• [Available data]:

╔══

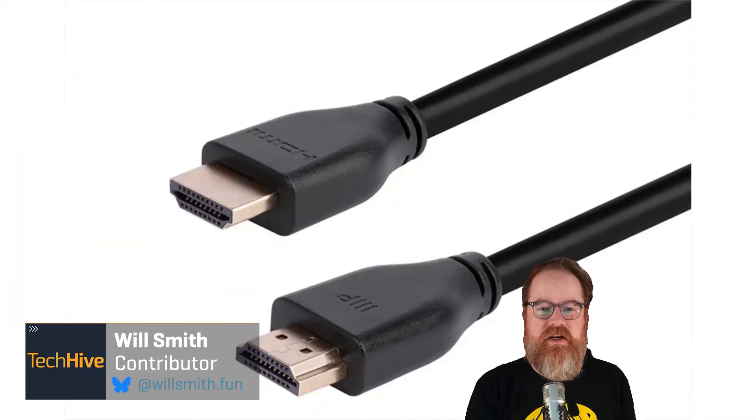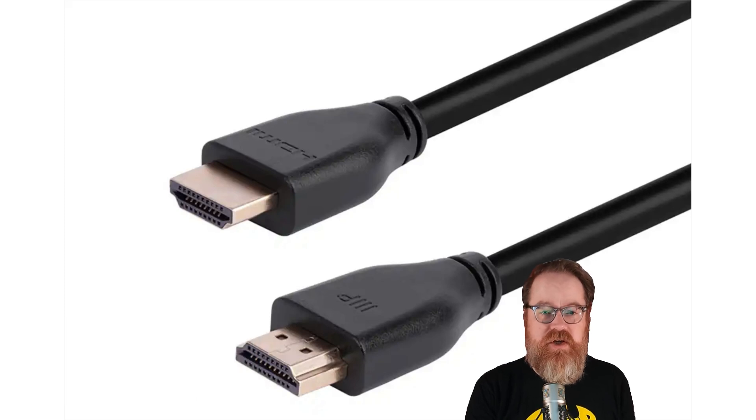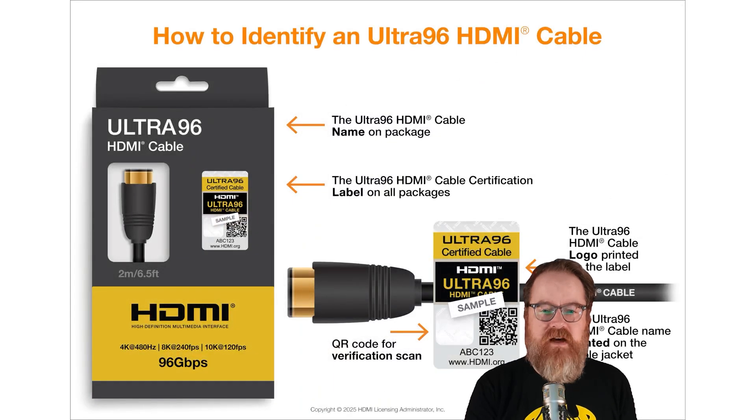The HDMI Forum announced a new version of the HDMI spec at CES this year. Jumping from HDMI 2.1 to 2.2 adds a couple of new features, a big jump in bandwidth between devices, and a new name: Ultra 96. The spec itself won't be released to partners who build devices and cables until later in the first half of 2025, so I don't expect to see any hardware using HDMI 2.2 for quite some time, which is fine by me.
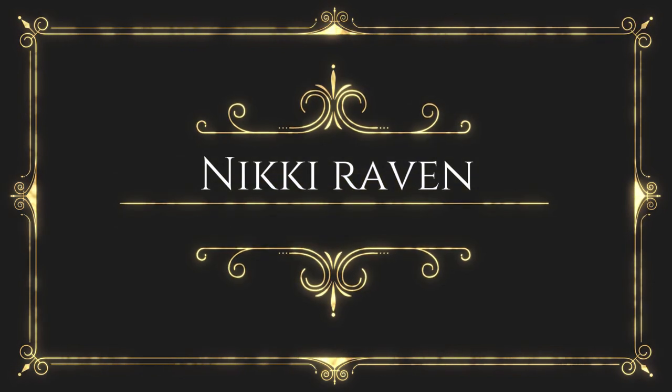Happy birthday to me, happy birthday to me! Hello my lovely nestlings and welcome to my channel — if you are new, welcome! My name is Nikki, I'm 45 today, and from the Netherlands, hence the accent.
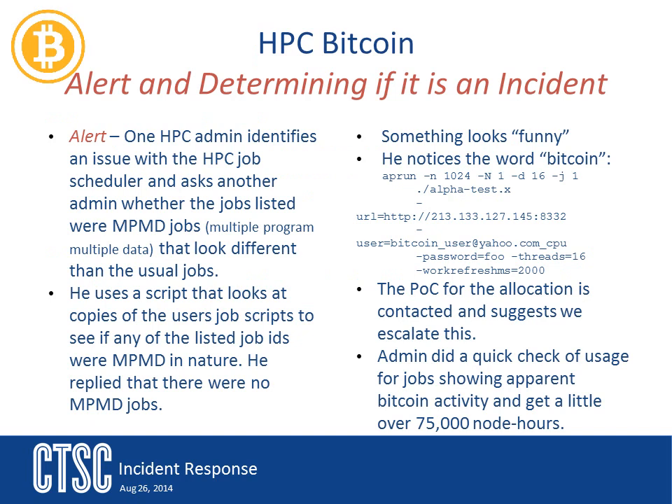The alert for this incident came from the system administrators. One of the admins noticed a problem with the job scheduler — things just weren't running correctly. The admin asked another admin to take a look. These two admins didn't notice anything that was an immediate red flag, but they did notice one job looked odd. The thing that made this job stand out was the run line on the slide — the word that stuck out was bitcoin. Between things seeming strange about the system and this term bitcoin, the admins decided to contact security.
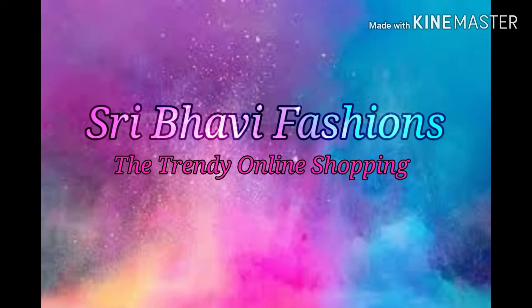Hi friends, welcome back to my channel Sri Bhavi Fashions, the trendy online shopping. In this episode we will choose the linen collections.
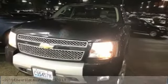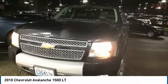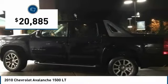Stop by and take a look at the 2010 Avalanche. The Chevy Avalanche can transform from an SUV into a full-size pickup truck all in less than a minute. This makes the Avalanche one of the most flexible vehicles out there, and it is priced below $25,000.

╚══

• [Task to complete]: Exactly as written above, print every record, and keep the pictures out.

• [Solution to the exercise]:
The HDMI Forum announced a new version of the HDMI spec at CES this year. Jumping from HDMI 2.1 to 2.2 adds a couple of new features, a big jump in bandwidth between devices, and a new name: Ultra 96. The spec itself won't be released to partners who build devices and cables until later in the first half of 2025, so I don't expect to see any hardware using HDMI 2.2 for quite some time, which is fine by me.
Happy birthday to me, happy birthday to me! Hello my lovely nestlings and welcome to my channel — if you are new, welcome! My name is Nikki, I'm 45 today, and from the Netherlands, hence the accent.
The alert for this incident came from the system administrators. One of the admins noticed a problem with the job scheduler — things just weren't running correctly. The admin asked another admin to take a look. These two admins didn't notice anything that was an immediate red flag, but they did notice one job looked odd. The thing that made this job stand out was the run line on the slide — the word that stuck out was bitcoin. Between things seeming strange about the system and this term bitcoin, the admins decided to contact security.
Hi friends, welcome back to my channel Sri Bhavi Fashions, the trendy online shopping. In this episode we will choose the linen collections.
Stop by and take a look at the 2010 Avalanche. The Chevy Avalanche can transform from an SUV into a full-size pickup truck all in less than a minute. This makes the Avalanche one of the most flexible vehicles out there, and it is priced below $25,000.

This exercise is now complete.